ACTIVITY |
Print the following entries without any change.

Short descriptive text snippets |
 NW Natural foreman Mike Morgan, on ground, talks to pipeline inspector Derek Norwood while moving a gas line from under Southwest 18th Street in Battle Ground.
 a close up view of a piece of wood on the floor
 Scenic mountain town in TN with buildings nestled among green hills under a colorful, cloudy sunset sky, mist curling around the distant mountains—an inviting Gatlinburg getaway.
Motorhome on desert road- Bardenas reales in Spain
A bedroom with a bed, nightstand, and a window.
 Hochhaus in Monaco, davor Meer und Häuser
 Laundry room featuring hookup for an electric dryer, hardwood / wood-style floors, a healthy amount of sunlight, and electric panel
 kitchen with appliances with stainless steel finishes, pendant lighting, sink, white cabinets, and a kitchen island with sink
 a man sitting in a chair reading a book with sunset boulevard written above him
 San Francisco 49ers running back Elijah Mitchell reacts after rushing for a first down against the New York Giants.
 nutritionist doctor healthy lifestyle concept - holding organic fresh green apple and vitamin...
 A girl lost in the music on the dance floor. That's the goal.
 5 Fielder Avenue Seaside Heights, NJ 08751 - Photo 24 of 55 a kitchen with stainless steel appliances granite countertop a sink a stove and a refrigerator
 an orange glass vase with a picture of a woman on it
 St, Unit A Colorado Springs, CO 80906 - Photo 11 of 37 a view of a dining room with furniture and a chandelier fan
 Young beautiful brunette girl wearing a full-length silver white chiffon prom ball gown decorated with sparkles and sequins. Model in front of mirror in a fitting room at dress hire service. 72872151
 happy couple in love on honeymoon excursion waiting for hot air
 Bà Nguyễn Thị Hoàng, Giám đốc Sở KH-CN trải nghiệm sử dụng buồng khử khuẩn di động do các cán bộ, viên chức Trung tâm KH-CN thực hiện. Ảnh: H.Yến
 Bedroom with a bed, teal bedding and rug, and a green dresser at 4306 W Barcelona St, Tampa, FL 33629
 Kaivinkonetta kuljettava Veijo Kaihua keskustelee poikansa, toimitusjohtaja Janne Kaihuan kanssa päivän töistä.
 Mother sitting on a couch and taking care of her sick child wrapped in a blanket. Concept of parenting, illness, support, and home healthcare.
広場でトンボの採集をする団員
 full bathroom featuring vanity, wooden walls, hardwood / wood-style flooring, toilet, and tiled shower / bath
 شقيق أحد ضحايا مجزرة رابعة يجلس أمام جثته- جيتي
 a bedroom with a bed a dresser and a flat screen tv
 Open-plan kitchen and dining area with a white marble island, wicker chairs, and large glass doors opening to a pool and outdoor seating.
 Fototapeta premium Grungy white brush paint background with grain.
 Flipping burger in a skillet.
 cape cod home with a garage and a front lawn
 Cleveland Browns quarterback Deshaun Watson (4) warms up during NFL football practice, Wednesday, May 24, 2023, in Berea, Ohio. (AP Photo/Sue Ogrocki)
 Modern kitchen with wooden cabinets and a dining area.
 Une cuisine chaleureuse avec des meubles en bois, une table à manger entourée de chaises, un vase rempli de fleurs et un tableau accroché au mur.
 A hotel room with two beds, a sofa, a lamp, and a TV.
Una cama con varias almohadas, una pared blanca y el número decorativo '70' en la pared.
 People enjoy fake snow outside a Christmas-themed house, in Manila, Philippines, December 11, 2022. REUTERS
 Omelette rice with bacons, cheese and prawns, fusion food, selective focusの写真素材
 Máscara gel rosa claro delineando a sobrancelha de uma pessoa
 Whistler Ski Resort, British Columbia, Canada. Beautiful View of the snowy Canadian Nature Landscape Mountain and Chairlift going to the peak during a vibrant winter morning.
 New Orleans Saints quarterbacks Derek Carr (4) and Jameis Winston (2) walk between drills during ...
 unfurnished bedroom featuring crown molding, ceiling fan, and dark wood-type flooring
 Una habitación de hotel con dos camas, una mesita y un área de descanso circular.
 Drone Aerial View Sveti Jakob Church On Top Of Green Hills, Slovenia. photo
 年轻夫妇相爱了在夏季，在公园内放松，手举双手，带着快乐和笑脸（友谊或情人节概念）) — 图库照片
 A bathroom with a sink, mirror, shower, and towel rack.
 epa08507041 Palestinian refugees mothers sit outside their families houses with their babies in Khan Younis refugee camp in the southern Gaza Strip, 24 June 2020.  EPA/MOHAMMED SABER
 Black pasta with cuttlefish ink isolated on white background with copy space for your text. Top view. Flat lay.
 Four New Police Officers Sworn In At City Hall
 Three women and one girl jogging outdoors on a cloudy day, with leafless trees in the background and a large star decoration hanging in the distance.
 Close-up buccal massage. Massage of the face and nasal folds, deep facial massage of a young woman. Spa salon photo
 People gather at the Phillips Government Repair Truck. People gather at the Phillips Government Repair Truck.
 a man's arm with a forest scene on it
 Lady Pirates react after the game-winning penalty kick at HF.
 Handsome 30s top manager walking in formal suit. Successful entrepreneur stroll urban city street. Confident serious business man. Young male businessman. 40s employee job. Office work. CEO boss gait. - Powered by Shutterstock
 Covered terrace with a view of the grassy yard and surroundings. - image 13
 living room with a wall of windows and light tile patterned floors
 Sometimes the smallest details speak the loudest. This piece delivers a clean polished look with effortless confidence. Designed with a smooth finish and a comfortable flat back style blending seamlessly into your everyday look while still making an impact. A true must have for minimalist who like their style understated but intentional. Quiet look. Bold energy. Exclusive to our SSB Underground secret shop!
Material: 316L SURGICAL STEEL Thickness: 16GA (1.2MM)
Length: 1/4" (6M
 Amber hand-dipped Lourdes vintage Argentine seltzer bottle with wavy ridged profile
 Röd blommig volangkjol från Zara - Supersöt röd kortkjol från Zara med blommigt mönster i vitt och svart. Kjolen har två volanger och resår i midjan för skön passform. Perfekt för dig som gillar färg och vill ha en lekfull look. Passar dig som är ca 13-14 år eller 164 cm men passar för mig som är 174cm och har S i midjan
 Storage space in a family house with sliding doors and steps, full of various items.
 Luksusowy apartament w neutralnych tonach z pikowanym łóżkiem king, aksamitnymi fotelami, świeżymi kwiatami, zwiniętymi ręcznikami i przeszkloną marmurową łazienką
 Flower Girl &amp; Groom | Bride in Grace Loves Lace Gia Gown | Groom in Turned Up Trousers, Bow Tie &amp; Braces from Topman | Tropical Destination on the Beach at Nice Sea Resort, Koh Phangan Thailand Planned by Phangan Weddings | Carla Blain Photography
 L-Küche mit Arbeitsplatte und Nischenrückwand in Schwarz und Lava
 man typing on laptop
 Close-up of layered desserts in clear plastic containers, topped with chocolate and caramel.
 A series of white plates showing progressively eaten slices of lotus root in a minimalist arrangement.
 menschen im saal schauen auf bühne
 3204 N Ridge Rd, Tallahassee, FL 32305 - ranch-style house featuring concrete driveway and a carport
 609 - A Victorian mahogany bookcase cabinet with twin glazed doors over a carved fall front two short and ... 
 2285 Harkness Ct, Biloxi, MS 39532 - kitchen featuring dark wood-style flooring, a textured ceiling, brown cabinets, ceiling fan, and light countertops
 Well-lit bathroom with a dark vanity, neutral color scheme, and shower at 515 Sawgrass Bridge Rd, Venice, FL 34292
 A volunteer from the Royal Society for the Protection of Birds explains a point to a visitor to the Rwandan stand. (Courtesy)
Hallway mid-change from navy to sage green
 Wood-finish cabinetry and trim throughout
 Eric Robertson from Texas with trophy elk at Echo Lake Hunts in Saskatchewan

ANSWER |
 NW Natural foreman Mike Morgan, on ground, talks to pipeline inspector Derek Norwood while moving a gas line from under Southwest 18th Street in Battle Ground.
 a close up view of a piece of wood on the floor
 Scenic mountain town in TN with buildings nestled among green hills under a colorful, cloudy sunset sky, mist curling around the distant mountains—an inviting Gatlinburg getaway.
Motorhome on desert road- Bardenas reales in Spain
A bedroom with a bed, nightstand, and a window.
 Hochhaus in Monaco, davor Meer und Häuser
 Laundry room featuring hookup for an electric dryer, hardwood / wood-style floors, a healthy amount of sunlight, and electric panel
 kitchen with appliances with stainless steel finishes, pendant lighting, sink, white cabinets, and a kitchen island with sink
 a man sitting in a chair reading a book with sunset boulevard written above him
 San Francisco 49ers running back Elijah Mitchell reacts after rushing for a first down against the New York Giants.
 nutritionist doctor healthy lifestyle concept - holding organic fresh green apple and vitamin...
 A girl lost in the music on the dance floor. That's the goal.
 5 Fielder Avenue Seaside Heights, NJ 08751 - Photo 24 of 55 a kitchen with stainless steel appliances granite countertop a sink a stove and a refrigerator
 an orange glass vase with a picture of a woman on it
 St, Unit A Colorado Springs, CO 80906 - Photo 11 of 37 a view of a dining room with furniture and a chandelier fan
 Young beautiful brunette girl wearing a full-length silver white chiffon prom ball gown decorated with sparkles and sequins. Model in front of mirror in a fitting room at dress hire service. 72872151
 happy couple in love on honeymoon excursion waiting for hot air
 Bà Nguyễn Thị Hoàng, Giám đốc Sở KH-CN trải nghiệm sử dụng buồng khử khuẩn di động do các cán bộ, viên chức Trung tâm KH-CN thực hiện. Ảnh: H.Yến
 Bedroom with a bed, teal bedding and rug, and a green dresser at 4306 W Barcelona St, Tampa, FL 33629
 Kaivinkonetta kuljettava Veijo Kaihua keskustelee poikansa, toimitusjohtaja Janne Kaihuan kanssa päivän töistä.
 Mother sitting on a couch and taking care of her sick child wrapped in a blanket. Concept of parenting, illness, support, and home healthcare.
広場でトンボの採集をする団員
 full bathroom featuring vanity, wooden walls, hardwood / wood-style flooring, toilet, and tiled shower / bath
 شقيق أحد ضحايا مجزرة رابعة يجلس أمام جثته- جيتي
 a bedroom with a bed a dresser and a flat screen tv
 Open-plan kitchen and dining area with a white marble island, wicker chairs, and large glass doors opening to a pool and outdoor seating.
 Fototapeta premium Grungy white brush paint background with grain.
 Flipping burger in a skillet.
 cape cod home with a garage and a front lawn
 Cleveland Browns quarterback Deshaun Watson (4) warms up during NFL football practice, Wednesday, May 24, 2023, in Berea, Ohio. (AP Photo/Sue Ogrocki)
 Modern kitchen with wooden cabinets and a dining area.
 Une cuisine chaleureuse avec des meubles en bois, une table à manger entourée de chaises, un vase rempli de fleurs et un tableau accroché au mur.
 A hotel room with two beds, a sofa, a lamp, and a TV.
Una cama con varias almohadas, una pared blanca y el número decorativo '70' en la pared.
 People enjoy fake snow outside a Christmas-themed house, in Manila, Philippines, December 11, 2022. REUTERS
 Omelette rice with bacons, cheese and prawns, fusion food, selective focusの写真素材
 Máscara gel rosa claro delineando a sobrancelha de uma pessoa
 Whistler Ski Resort, British Columbia, Canada. Beautiful View of the snowy Canadian Nature Landscape Mountain and Chairlift going to the peak during a vibrant winter morning.
 New Orleans Saints quarterbacks Derek Carr (4) and Jameis Winston (2) walk between drills during ...
 unfurnished bedroom featuring crown molding, ceiling fan, and dark wood-type flooring
 Una habitación de hotel con dos camas, una mesita y un área de descanso circular.
 Drone Aerial View Sveti Jakob Church On Top Of Green Hills, Slovenia. photo
 年轻夫妇相爱了在夏季，在公园内放松，手举双手，带着快乐和笑脸（友谊或情人节概念）) — 图库照片
 A bathroom with a sink, mirror, shower, and towel rack.
 epa08507041 Palestinian refugees mothers sit outside their families houses with their babies in Khan Younis refugee camp in the southern Gaza Strip, 24 June 2020.  EPA/MOHAMMED SABER
 Black pasta with cuttlefish ink isolated on white background with copy space for your text. Top view. Flat lay.
 Four New Police Officers Sworn In At City Hall
 Three women and one girl jogging outdoors on a cloudy day, with leafless trees in the background and a large star decoration hanging in the distance.
 Close-up buccal massage. Massage of the face and nasal folds, deep facial massage of a young woman. Spa salon photo
 People gather at the Phillips Government Repair Truck. People gather at the Phillips Government Repair Truck.
 a man's arm with a forest scene on it
 Lady Pirates react after the game-winning penalty kick at HF.
 Handsome 30s top manager walking in formal suit. Successful entrepreneur stroll urban city street. Confident serious business man. Young male businessman. 40s employee job. Office work. CEO boss gait. - Powered by Shutterstock
 Covered terrace with a view of the grassy yard and surroundings. - image 13
 living room with a wall of windows and light tile patterned floors
 Sometimes the smallest details speak the loudest. This piece delivers a clean polished look with effortless confidence. Designed with a smooth finish and a comfortable flat back style blending seamlessly into your everyday look while still making an impact. A true must have for minimalist who like their style understated but intentional. Quiet look. Bold energy. Exclusive to our SSB Underground secret shop!
Material: 316L SURGICAL STEEL Thickness: 16GA (1.2MM)
Length: 1/4" (6M
 Amber hand-dipped Lourdes vintage Argentine seltzer bottle with wavy ridged profile
 Röd blommig volangkjol från Zara - Supersöt röd kortkjol från Zara med blommigt mönster i vitt och svart. Kjolen har två volanger och resår i midjan för skön passform. Perfekt för dig som gillar färg och vill ha en lekfull look. Passar dig som är ca 13-14 år eller 164 cm men passar för mig som är 174cm och har S i midjan
 Storage space in a family house with sliding doors and steps, full of various items.
 Luksusowy apartament w neutralnych tonach z pikowanym łóżkiem king, aksamitnymi fotelami, świeżymi kwiatami, zwiniętymi ręcznikami i przeszkloną marmurową łazienką
 Flower Girl &amp; Groom | Bride in Grace Loves Lace Gia Gown | Groom in Turned Up Trousers, Bow Tie &amp; Braces from Topman | Tropical Destination on the Beach at Nice Sea Resort, Koh Phangan Thailand Planned by Phangan Weddings | Carla Blain Photography
 L-Küche mit Arbeitsplatte und Nischenrückwand in Schwarz und Lava
 man typing on laptop
 Close-up of layered desserts in clear plastic containers, topped with chocolate and caramel.
 A series of white plates showing progressively eaten slices of lotus root in a minimalist arrangement.
 menschen im saal schauen auf bühne
 3204 N Ridge Rd, Tallahassee, FL 32305 - ranch-style house featuring concrete driveway and a carport
 609 - A Victorian mahogany bookcase cabinet with twin glazed doors over a carved fall front two short and ... 
 2285 Harkness Ct, Biloxi, MS 39532 - kitchen featuring dark wood-style flooring, a textured ceiling, brown cabinets, ceiling fan, and light countertops
 Well-lit bathroom with a dark vanity, neutral color scheme, and shower at 515 Sawgrass Bridge Rd, Venice, FL 34292
 A volunteer from the Royal Society for the Protection of Birds explains a point to a visitor to the Rwandan stand. (Courtesy)
Hallway mid-change from navy to sage green
 Wood-finish cabinetry and trim throughout
 Eric Robertson from Texas with trophy elk at Echo Lake Hunts in Saskatchewan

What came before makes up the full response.